--- REQUIRED WORK ---
Return only what runs from the line containing "Paperback Lessons from" through the last line of the entries below, exactly, omitting pictures.

═════ ENTRIES SUPPLIED

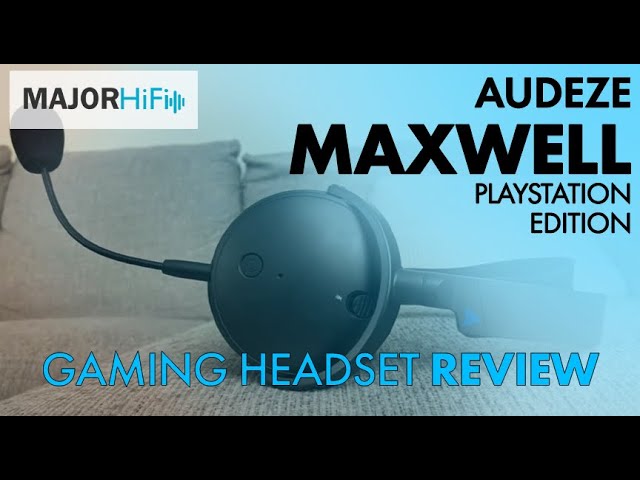 Audeze Maxwell Wireless Gaming Headset Review 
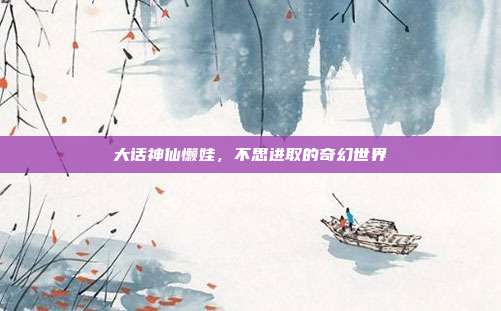 大话神仙懒娃,不思进取的奇幻世界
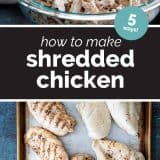 How to Make Shredded Chicken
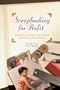 Scrapbooking for Profit: Cashing in on Retail, Home-Based and Internet Opportunities: Cashing in on Retail, Home Based and Internet Opportunities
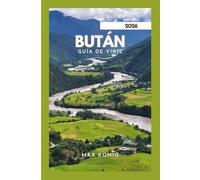 Bután GUÍA DE VIAJE 2026: Explora el reino del Dragón del Trueno.
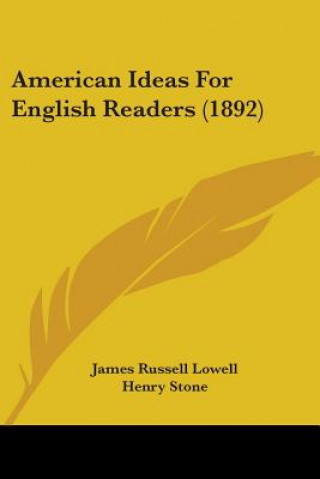 Carte AMERICAN IDEAS FOR ENGLISH READERS  1892 JAMES RUSSEL LOWELL
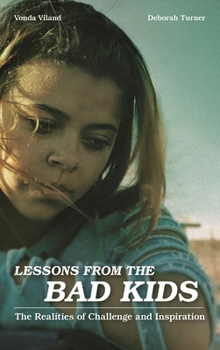 Paperback Lessons from the Bad Kids: The Realities of Challenge and Inspiration Book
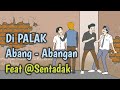 DI PALAK Abang Abangan Feat Animasi Sentadak Animasi Sekolah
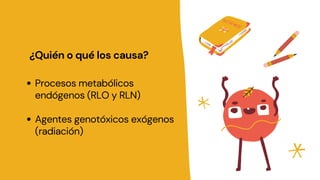 ¿Quién o qué los causa?
Procesos metabólicos
endógenos (RLO y RLN)
Agentes genotóxicos exógenos
(radiación)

══════════

--- ANSWER TO THIS TASK ---
 Paperback Lessons from the Bad Kids: The Realities of Challenge and Inspiration Book
 DI PALAK Abang Abangan Feat Animasi Sentadak Animasi Sekolah
 ¿Quién o qué los causa?
Procesos metabólicos
endógenos (RLO y RLN)
Agentes genotóxicos exógenos
(radiación)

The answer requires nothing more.